Love him or loathe him, he is the sort of player who gives everything for the cause, who prides himself on being alert to wave after wave of attacking threats in and around the box. He is also the sort of player who is not afraid to put his body in harm’s way. And he’ll grab you the odd goal or two.
Ensuring that your players are back on their feet after a good tackle or clearance and ready to combat a second wave of danger is essential.
To keep them alive and reactive, here’s a defensive move that asks for quick reactions and tireless commitment to the cause.
How to set it up:
Create a playing area measuring 10×10 yards.
The drill requires four servers and one designated defender.
Each server starts on a different side, with a ball.
Place your defender in the middle – his job is to react to a different serve from each player around the area. After each serve, his task is to keep the ball within the box.
Starting on the left-hand side, server 3 throws the ball up for server 1 to head into the middle. The defender tries to stop the ball from going out of bounds.
Immediately, server 2 passes a ball towards the opposite line.

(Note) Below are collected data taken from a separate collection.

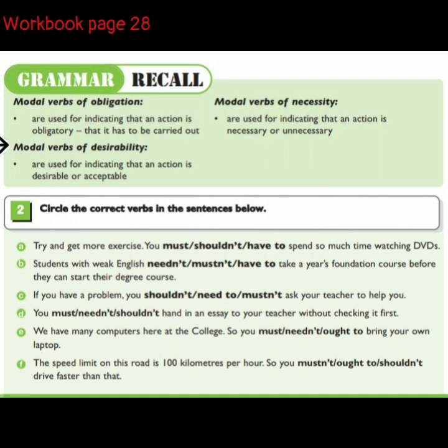Modal verbs of desirability are used for indicating that an action is desirable or acceptable.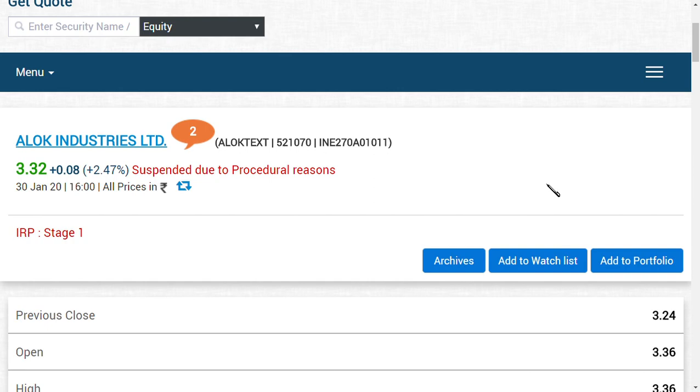When insolvency companies come under capital reduction process, Alok Industry is going to undergo capital reduction in face value from rupees 10 to rupees 1. Therefore, due to procedural reasons, Alok Industries is not trading.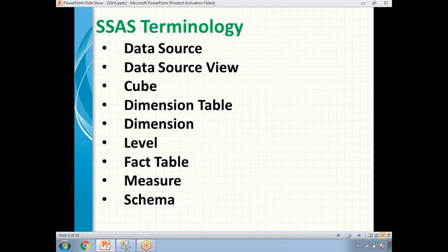A cube is nothing but a collection of all these — data source view, dimensions, fact table, measures, and schema. The cube is a very basic unit and it is mandatory in the SSAS project. The cube is a collection of data that has been aggregated to allow queries to return data quickly. When you have a 100 GB database and build a cube on top of it, the cube size will be much smaller because it contains data in aggregated, compressed format.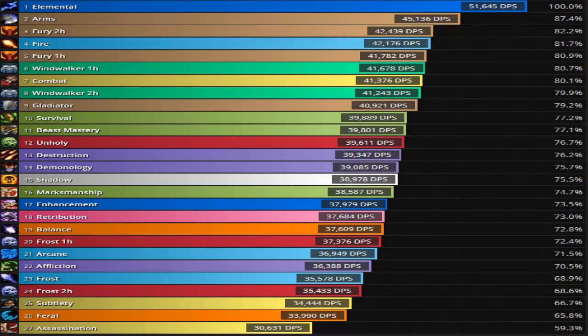Elemental, if you guys have ever seen an elemental do damage on AOE fights, they are absolutely insane. So that's exactly what I would be thinking.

The defender must now react, running to slide and stop the ball from crossing the line.
Now server 3 dribbles onto the pitch and attempts to get to the line opposite. The defender tries to stop him.
Finally, server 4 throws the ball over the defender’s head and attempts to run around him to win it back. The defender’s task is to shield the ball, letting it run over the line. If the ball stops dead before the line, he can then kick it clear to the left or the right.
Now rotate so that a different player acts as the defender.
Why this works:
Adopting the mindset that a defender’s job is rarely complete is absolutely vital if players are to counter all of the threats on a match day. After each phase of this drill, the defender needs to be alert to a new test, reacting quickly to each ball and clearing the danger.
Each test offers a new skill, and provides you with a quick-fire snapshot of where the defender’s game can be improved.